Have you ever stopped to consider how many things do you do without thinking?  I have always sliced an apple with the small end down, even though it tends to wobble.  Recently, my apple rolled over and I realized how much easier it is to slice it with the large end down.

Who Taught You?

I suppose my mother taught me to slice it that way and I never considered doing it differently.  When you think about the people who taught you about being a leader, who comes to mind?  What made the good ones effective and the bad ones hard to forget?  How did they shape your leadership style?

Is There a Better Way?

In What Got You Here Won’t Get You There, Marshall Goldsmith reminds us to ask, “How am I doing?” on a regular basis.  The answers tell us what we need to continue doing and what we need to reconsider.  Are there some things you have been doing so long that you no longer pay attention to whether they are effective?

Adding Too Much Value

Of the 20 habits Goldsmith lists in his book, one of the most common I see in my executive coaching clients is adding their two cents to every discussion.  Your team isn’t very likely to be motivated by a leader who says, “That’s a good idea but…”  If you wonder whether this is an issue for you, ask someone you trust.
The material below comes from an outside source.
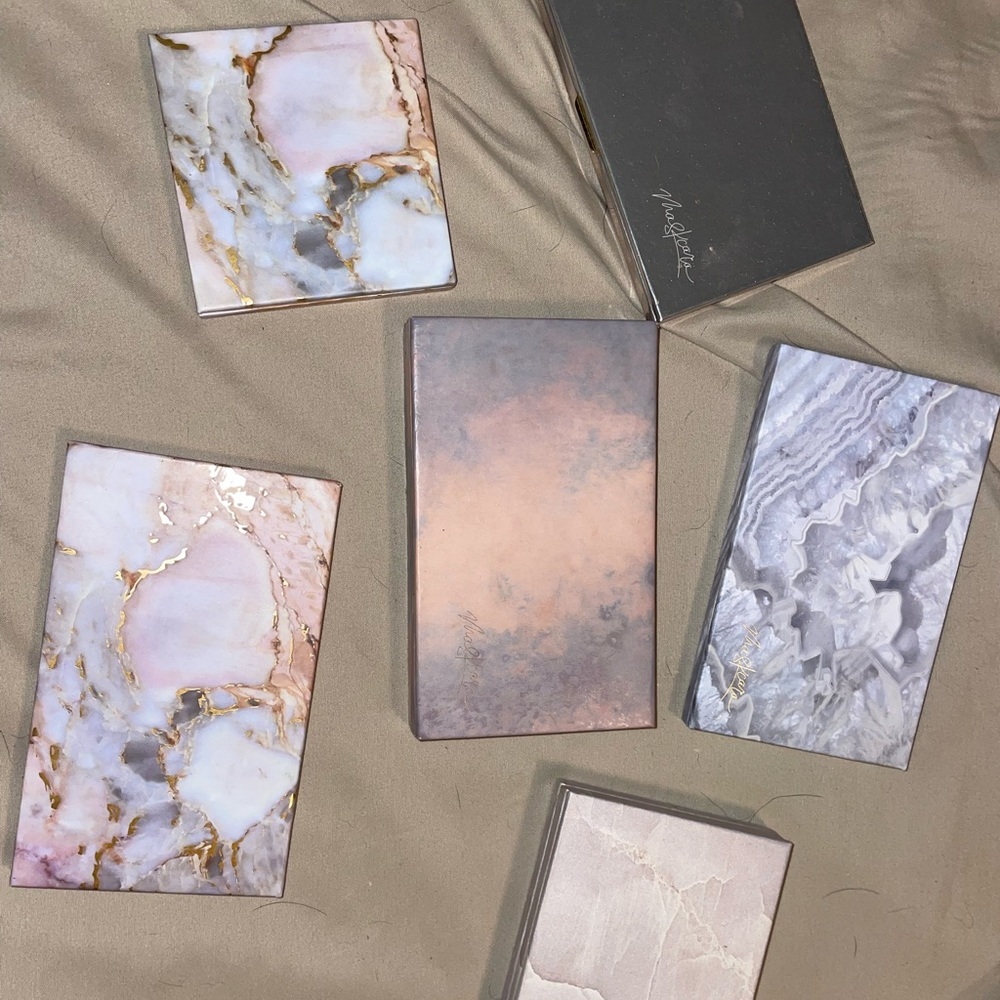 Seint (formally Maskcara Beauty) magnetic pallets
Like the apple, I invite you to turn your leadership style upside down and see if you need to slice it differently.


What is Your Point of View?

How often do you hear people say, “I have to go to the gym” or “I have to go to my daughter’s game?” Doesn’t it sound like a burden when they put it that way? Ranks right up there with, “I have to go to the dentist.”

My clients are often concerned about how people will react to them working with a coach, especially if their company typically uses coaching only to address potential career derailing behaviors. Early in the coaching engagement, we explore how they plan to discuss this with their colleagues. I recommend that they use a positive, enthusiastic tone when they say, “I get to work with a coach to learn how I can be most effective.” Compare that statement to this one, spoken in an annoyed voice: “I’m not really sure why, but my boss said I have to work with a coach.” Which point of view do you think will lead to success?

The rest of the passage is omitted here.